Hey I am having difficulties with this problem, can anyone help please?
Let Y1, Y2,...,Yn be independent, uniformly distributed random variables on the interval [0, θ]. Find the joint density function of Y(j) and Y(k) where j and k are integers 1≤ j < k ≤ n. Find V(Y(k) - Y(j)), the variance of the difference between two order statistics.
Feb 11th 2010, 03:16 PM
FIRST obtain the joint density of the random variables.
You will need f(x) and F(X).
But then to find the variance between the two order statistics I don't now how to do..
Feb 13th 2010, 02:55 PM
It would be nice if you wrote this in tex.
I won't read the math otherwise.
To get the variance you have two options.
You can transform the random variables.
Let R=Y(k)-Y(j), W= either one you wish.
Then integrate out W and you have R, which I call your range.
Then get the variance of R.
The second way is easier.
Just compute V(Y(k))-2Cov(Y(k),Y(j))+V(Y(j)).
NOTE that if you take these rvs and divide by theta, I believe you get Beta's.
Feb 13th 2010, 03:01 PM
Sorry I don't know how to do it..
Thanks for the information for the variances!

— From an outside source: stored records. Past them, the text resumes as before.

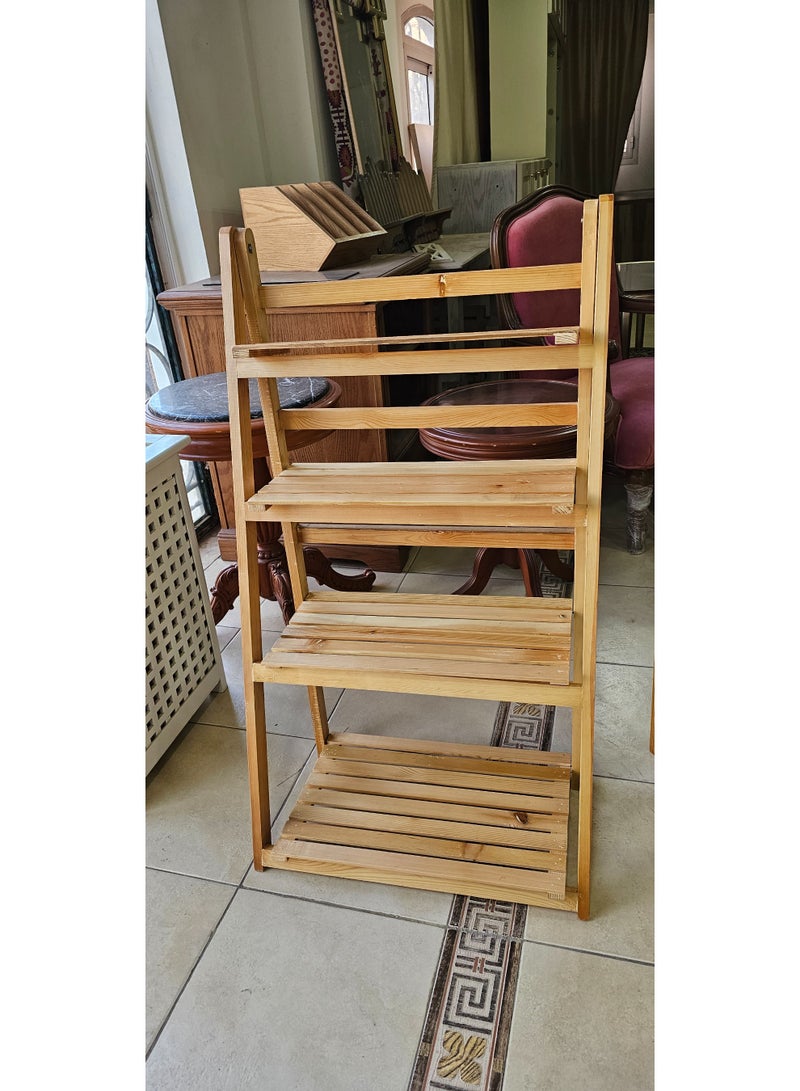 M Furniture - wood stand for bathroom 60cm natural wood - Image 1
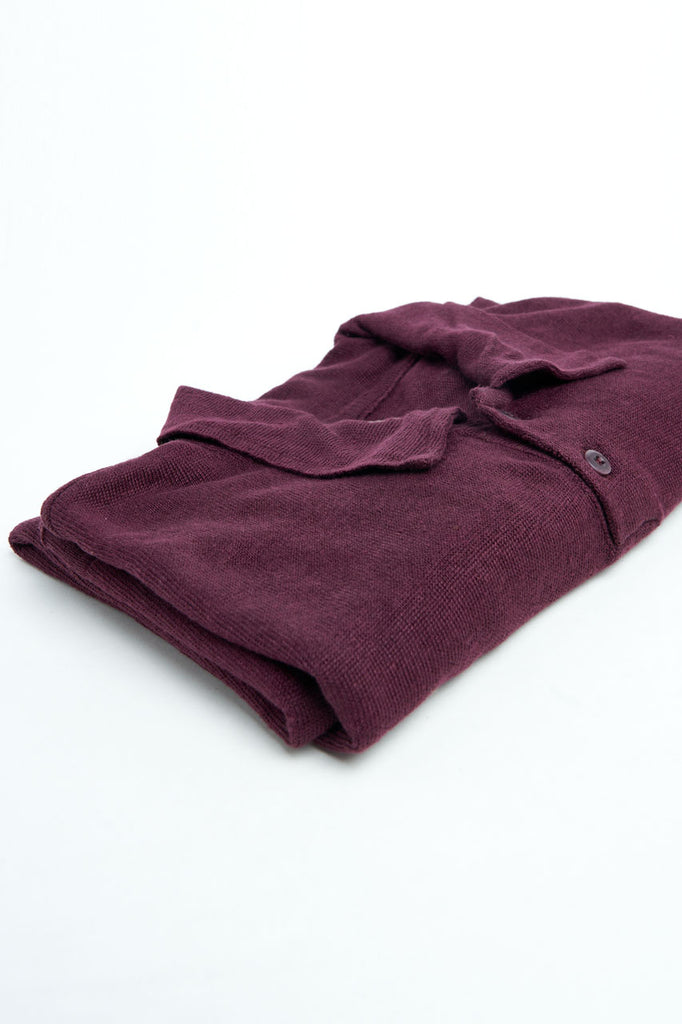 GRP Knitwear 2-Button-Polo PL 10 Linen Knit Bordeaux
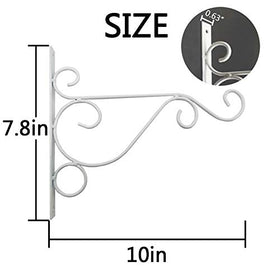 TIHOOD bracket white finish supports heavy planters on decks and walls.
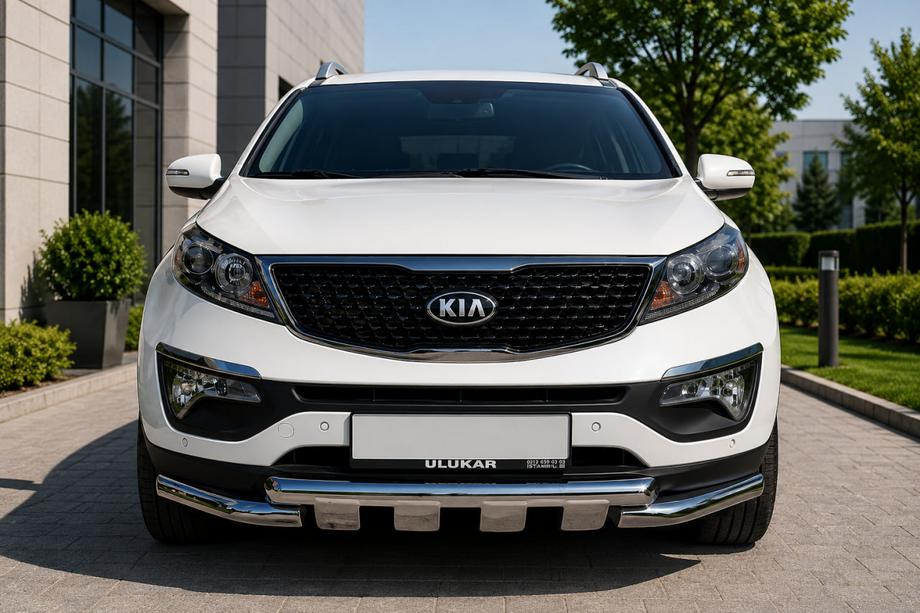 Kia Sorento II XM 2009-2014 Frontschutzbügel ST009-15 (2013-2015, Edelstahl) Image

I'm going to retry the problem
Feb 13th 2010, 03:30 PM
HIT the quote button to see how people type in TeX.
Then you can cut and paste long expressions.
Feb 14th 2010, 05:38 AM
But once you find the joint distribution, how do you integrate .
Feb 15th 2010, 10:25 PM
That's just basic probability.
It's the double integral with those two variables and their joint density.